Sports Illustrated | Max Goodman: Ron Marinaccio came in to mop up the mess Aroldis Chapman made in the matinee yesterday and did his job, retiring all three batters he faced. It continues his brilliant run of form since last being called up May 21st — 15.1 scoreless innings surrendering just one hit against 17 strikeouts.
Unfortunately, it was revealed that Marinaccio was dealing with dead arm after the game, and by the time the nightcap was settled, it was revealed that he would be heading to the IL for right shoulder inflammation. Spot starter JP Sears will come from Triple-A to replace him on the roster, though that could end up being a temporary assignment if the Yankees want to try to keep him starting since Miguel Castro is due back from the paternity list soon.
Fingers crossed it’s just a minor issue, as Marinaccio has been a major boost to the Yankees bullpen with Chapman recently absent, Jonathan Loáisiga still on the road to recovery, and Chad Green out for the year.

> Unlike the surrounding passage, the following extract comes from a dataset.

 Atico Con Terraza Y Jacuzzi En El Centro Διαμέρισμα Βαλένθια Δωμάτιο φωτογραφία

MLB.com | Bryan Hoch: As previously mentioned, Chapman made his return from the IL yesterday having spent the previous 41 days off the active roster with Achilles inflammation and looked ... exactly like he did prior to going on the IL. In typical Chapman fashion, he walked the first three batters he faced in Game 1 of the doubleheader, throwing 12 of 18 pitches out of the zone before getting pulled for Marinaccio with the bases loaded. On the opposite end of the spectrum, Clay Holmes has been the one of the most dominant relievers in baseball and converted 10 of 11 save opportunities while Chapman was injured.
Despite leaving the door open for Chapman to return to the closer role the entire time he was out injured, Aaron Boone has finally seen reason and conceded to leaving Clay Holmes as the closer for the near-future. To his credit, even Chapman admitted that Holmes “deserves to be the closer.” As he tries to work his way back to effectiveness, Chapman will be handed opportunities in the “seventh, eighth, and ninth innings.”

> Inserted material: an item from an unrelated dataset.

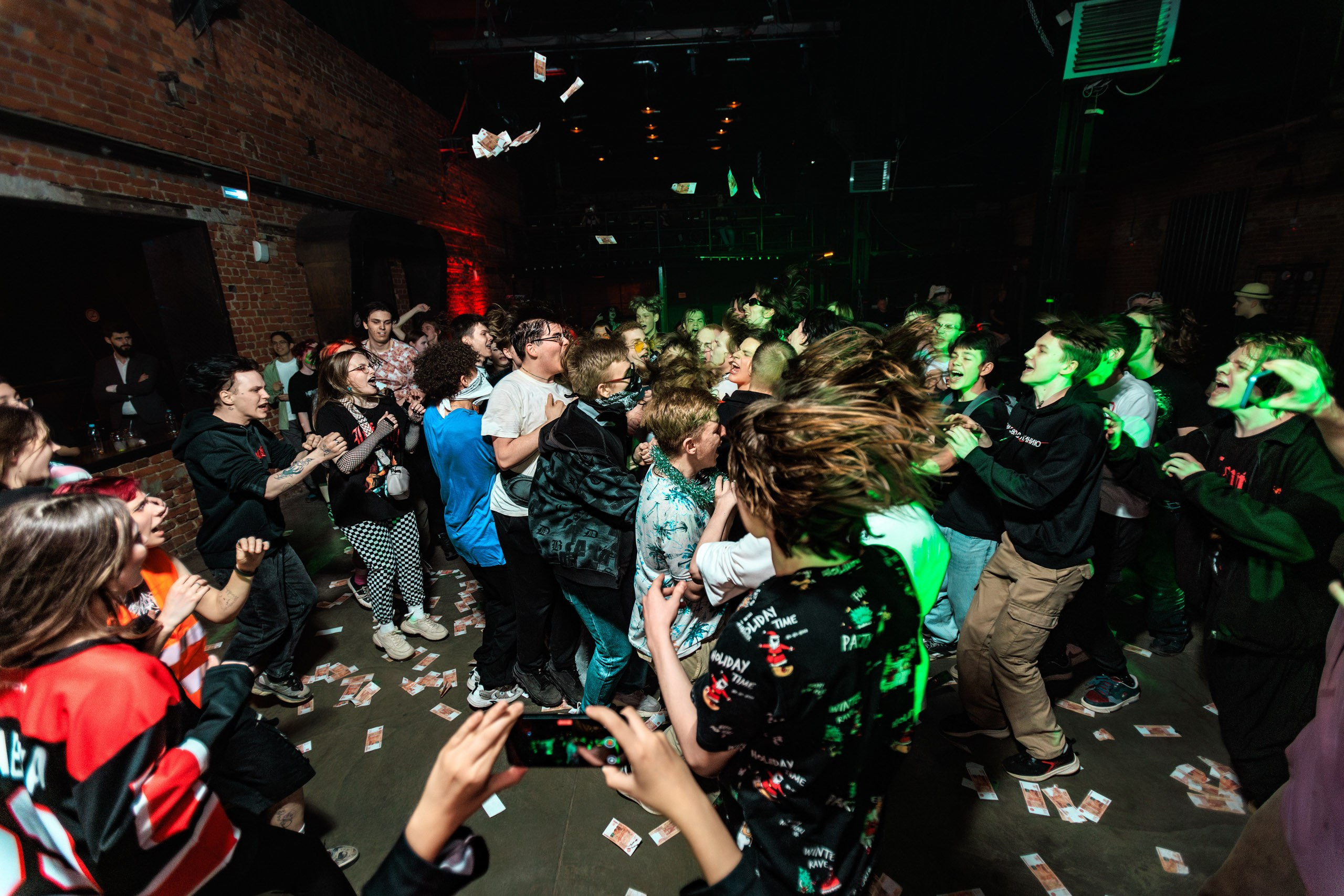 27.04.25 5opka x MellSher. Репортажный фотограф Екатеринбург | Яркий, качественный репортаж | Концерты, клубы, репортаж, праздники, корпоративы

MLB.com | Bryan Hoch: Miguel Andújar was not happy last time he got sent down to Triple-A on June 3rd and even requested a trade through his agent. He was called up yesterday as the team’s 27th man for the doubleheader and went 1-for-8 with a walk, an RBI, and two runs scored on four line drives. He has performed well in 45 minor league games this season (125 wRC+), though considerably less so in the majors (58 wRC+ in 14 games). That said, the handful of timely hits with RISP he’s provided in his major league stints this season has ignited a debate as to whether he or the slumping Joey Gallo is the better option to take outfield reps.